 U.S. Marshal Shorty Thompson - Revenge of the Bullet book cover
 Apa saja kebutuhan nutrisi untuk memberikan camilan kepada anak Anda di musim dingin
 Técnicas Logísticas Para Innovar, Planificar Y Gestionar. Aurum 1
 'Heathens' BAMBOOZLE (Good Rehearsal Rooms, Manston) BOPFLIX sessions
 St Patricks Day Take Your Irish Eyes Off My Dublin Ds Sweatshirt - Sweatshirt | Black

--

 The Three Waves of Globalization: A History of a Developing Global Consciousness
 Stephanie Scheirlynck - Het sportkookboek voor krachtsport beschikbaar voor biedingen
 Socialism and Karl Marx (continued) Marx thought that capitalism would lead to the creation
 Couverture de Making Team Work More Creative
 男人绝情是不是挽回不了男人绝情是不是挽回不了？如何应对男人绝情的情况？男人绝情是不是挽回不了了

---

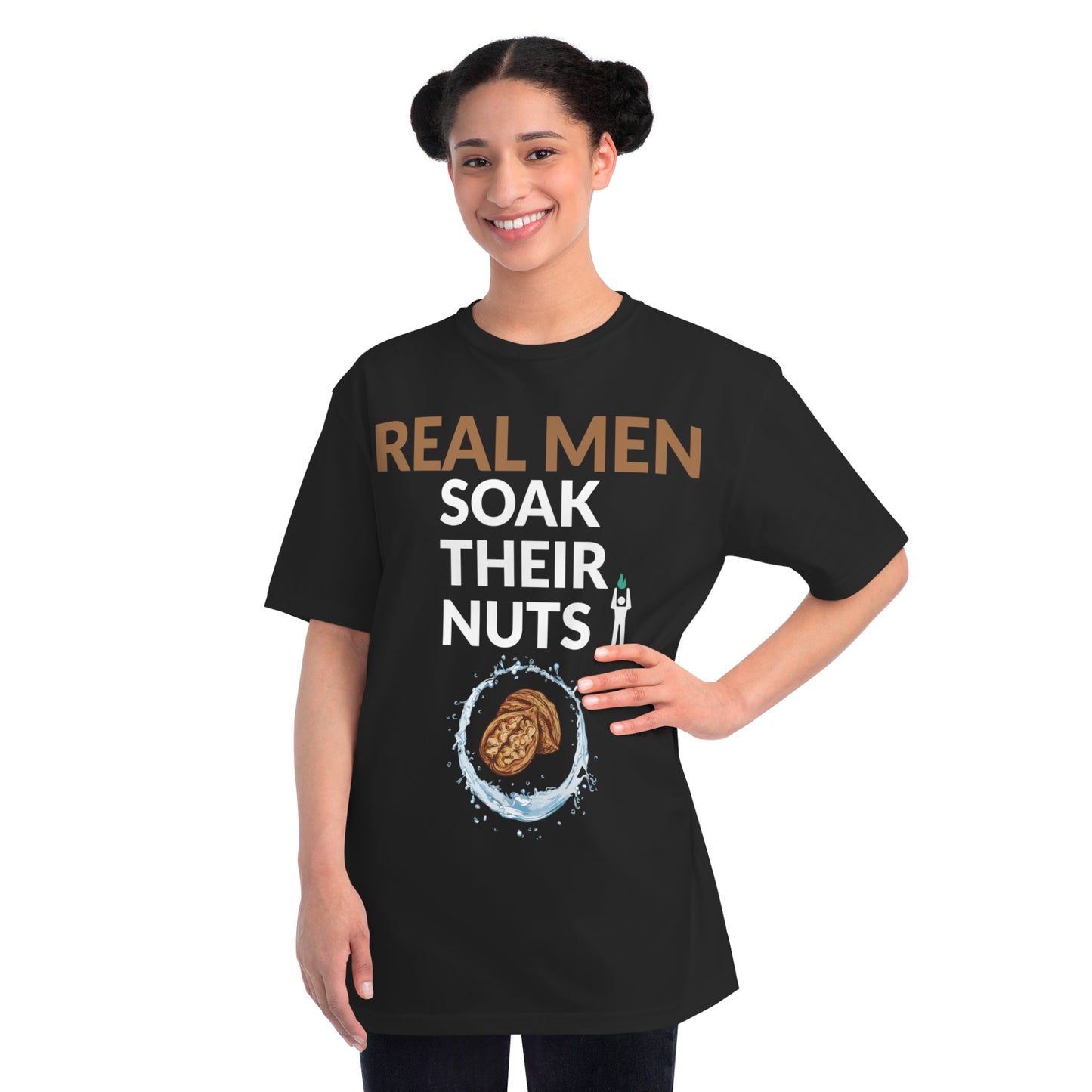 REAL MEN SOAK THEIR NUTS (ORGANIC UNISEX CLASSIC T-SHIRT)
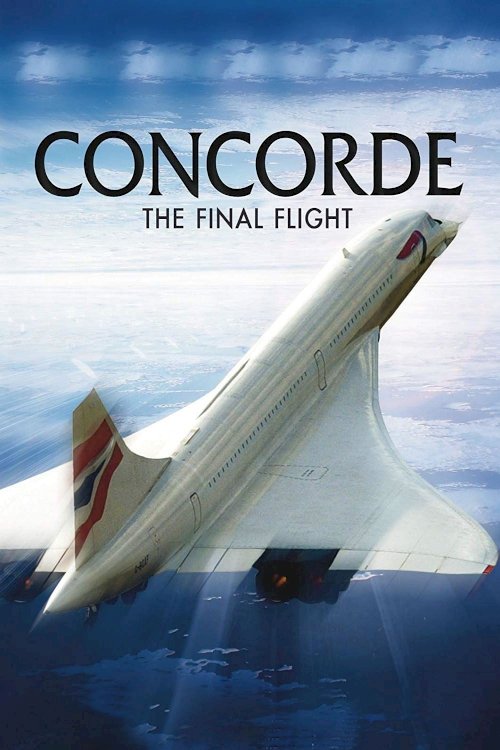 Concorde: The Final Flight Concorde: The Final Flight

- _DESCRIPTION OF THE TASK_
Starting at the line with "U.S. Marshal Shorty" and ending at the line with "St Patricks Day", print each line of the listing above exactly, with no other lines.

- _EXPECTED OUTPUT_
 U.S. Marshal Shorty Thompson - Revenge of the Bullet book cover
 Apa saja kebutuhan nutrisi untuk memberikan camilan kepada anak Anda di musim dingin
 Técnicas Logísticas Para Innovar, Planificar Y Gestionar. Aurum 1
 'Heathens' BAMBOOZLE (Good Rehearsal Rooms, Manston) BOPFLIX sessions
 St Patricks Day Take Your Irish Eyes Off My Dublin Ds Sweatshirt - Sweatshirt | Black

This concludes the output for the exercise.